Below are records; extract exactly the lines from the one with "大哥我本地的麻烦让个道" through the final line, including both, but drop the pictures.

Task material:
BEGIN

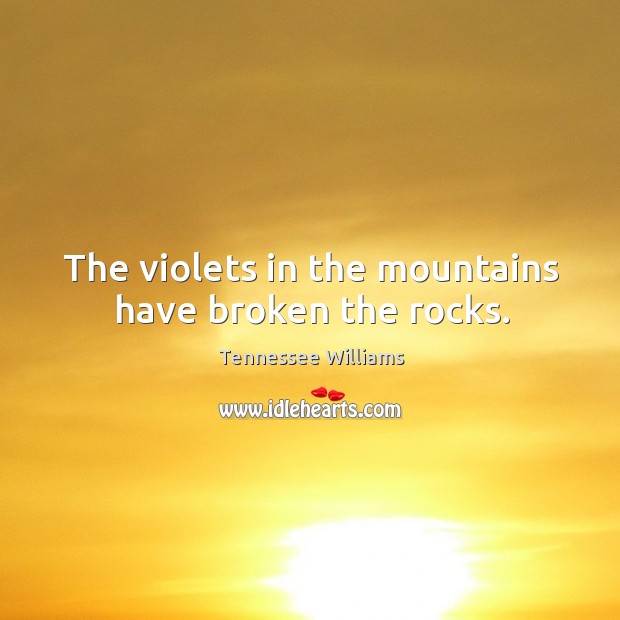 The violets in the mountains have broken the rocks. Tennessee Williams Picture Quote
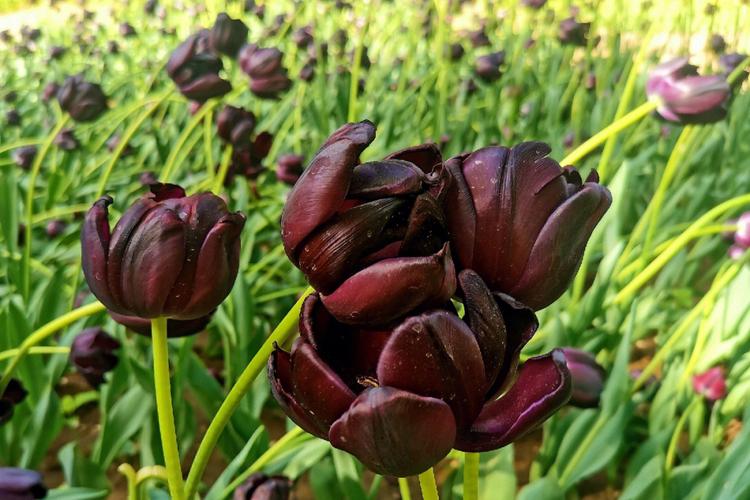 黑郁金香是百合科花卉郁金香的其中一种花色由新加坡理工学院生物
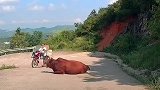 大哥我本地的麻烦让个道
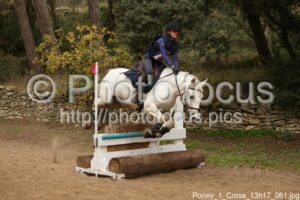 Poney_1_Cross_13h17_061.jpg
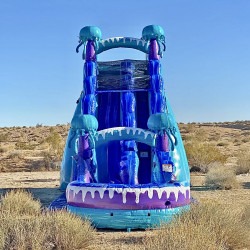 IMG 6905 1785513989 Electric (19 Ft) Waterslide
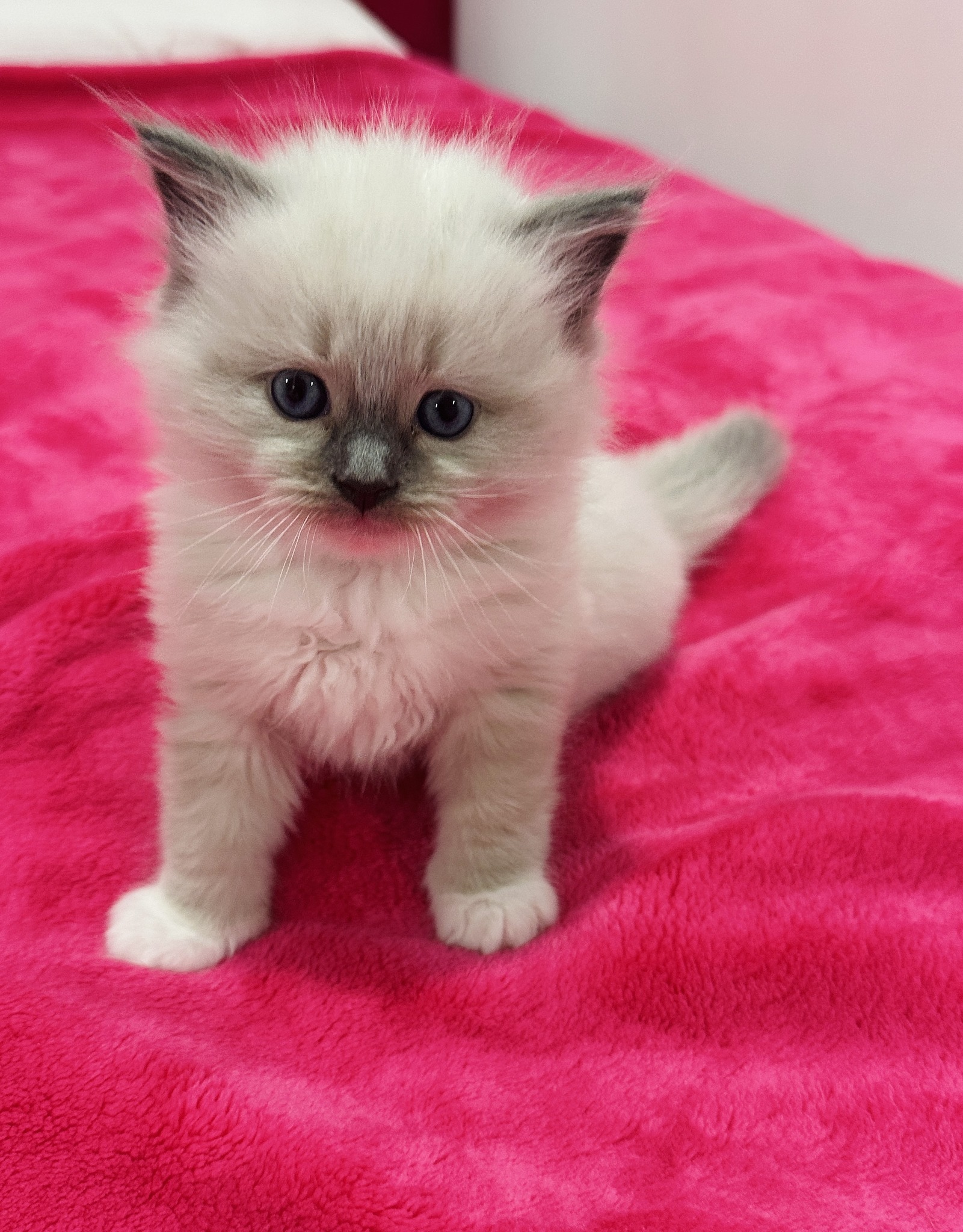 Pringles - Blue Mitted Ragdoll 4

END

Response area:
 大哥我本地的麻烦让个道
 Poney_1_Cross_13h17_061.jpg
 IMG 6905 1785513989 Electric (19 Ft) Waterslide
 Pringles - Blue Mitted Ragdoll 4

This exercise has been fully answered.